Reproduce the records exactly, beginning with their first line and ending with the line that contains "Многократни водоустойчиви тренировъчни", and output nothing more.

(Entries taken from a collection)
^^^^^^^^^^^^^^^^

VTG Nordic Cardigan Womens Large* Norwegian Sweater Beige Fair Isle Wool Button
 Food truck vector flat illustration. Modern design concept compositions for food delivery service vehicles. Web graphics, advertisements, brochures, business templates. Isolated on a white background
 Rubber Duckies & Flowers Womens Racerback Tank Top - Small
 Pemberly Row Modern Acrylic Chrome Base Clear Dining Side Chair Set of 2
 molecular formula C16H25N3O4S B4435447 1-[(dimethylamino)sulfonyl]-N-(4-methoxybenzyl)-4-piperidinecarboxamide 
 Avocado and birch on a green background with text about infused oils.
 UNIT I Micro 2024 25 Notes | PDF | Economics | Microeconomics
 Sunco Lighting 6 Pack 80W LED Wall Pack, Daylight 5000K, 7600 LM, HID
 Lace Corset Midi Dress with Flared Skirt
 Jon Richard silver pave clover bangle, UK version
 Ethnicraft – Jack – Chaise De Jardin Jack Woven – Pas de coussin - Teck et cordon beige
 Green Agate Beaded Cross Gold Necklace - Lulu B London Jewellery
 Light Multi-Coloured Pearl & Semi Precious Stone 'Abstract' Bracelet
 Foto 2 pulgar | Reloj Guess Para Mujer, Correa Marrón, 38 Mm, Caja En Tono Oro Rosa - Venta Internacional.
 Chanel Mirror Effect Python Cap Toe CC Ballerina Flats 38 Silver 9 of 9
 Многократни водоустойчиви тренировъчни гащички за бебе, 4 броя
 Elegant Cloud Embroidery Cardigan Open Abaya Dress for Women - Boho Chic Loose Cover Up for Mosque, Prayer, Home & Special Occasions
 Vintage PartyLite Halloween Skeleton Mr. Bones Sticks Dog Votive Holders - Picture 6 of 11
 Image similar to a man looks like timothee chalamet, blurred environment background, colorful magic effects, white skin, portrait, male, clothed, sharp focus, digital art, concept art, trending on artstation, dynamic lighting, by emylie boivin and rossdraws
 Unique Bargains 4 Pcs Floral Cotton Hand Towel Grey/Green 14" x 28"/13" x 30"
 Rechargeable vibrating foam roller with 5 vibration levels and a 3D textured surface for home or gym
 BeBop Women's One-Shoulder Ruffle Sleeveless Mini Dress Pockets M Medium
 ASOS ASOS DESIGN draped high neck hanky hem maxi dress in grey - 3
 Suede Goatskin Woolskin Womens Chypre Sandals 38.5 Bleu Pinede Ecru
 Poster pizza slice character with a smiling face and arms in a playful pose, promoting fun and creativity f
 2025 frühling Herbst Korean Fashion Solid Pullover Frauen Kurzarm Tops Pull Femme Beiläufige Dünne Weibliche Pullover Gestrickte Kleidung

^^^^^^^^^^^^^^^^

Response to this task:
VTG Nordic Cardigan Womens Large* Norwegian Sweater Beige Fair Isle Wool Button
 Food truck vector flat illustration. Modern design concept compositions for food delivery service vehicles. Web graphics, advertisements, brochures, business templates. Isolated on a white background
 Rubber Duckies & Flowers Womens Racerback Tank Top - Small
 Pemberly Row Modern Acrylic Chrome Base Clear Dining Side Chair Set of 2
 molecular formula C16H25N3O4S B4435447 1-[(dimethylamino)sulfonyl]-N-(4-methoxybenzyl)-4-piperidinecarboxamide 
 Avocado and birch on a green background with text about infused oils.
 UNIT I Micro 2024 25 Notes | PDF | Economics | Microeconomics
 Sunco Lighting 6 Pack 80W LED Wall Pack, Daylight 5000K, 7600 LM, HID
 Lace Corset Midi Dress with Flared Skirt
 Jon Richard silver pave clover bangle, UK version
 Ethnicraft – Jack – Chaise De Jardin Jack Woven – Pas de coussin - Teck et cordon beige
 Green Agate Beaded Cross Gold Necklace - Lulu B London Jewellery
 Light Multi-Coloured Pearl & Semi Precious Stone 'Abstract' Bracelet
 Foto 2 pulgar | Reloj Guess Para Mujer, Correa Marrón, 38 Mm, Caja En Tono Oro Rosa - Venta Internacional.
 Chanel Mirror Effect Python Cap Toe CC Ballerina Flats 38 Silver 9 of 9
 Многократни водоустойчиви тренировъчни гащички за бебе, 4 броя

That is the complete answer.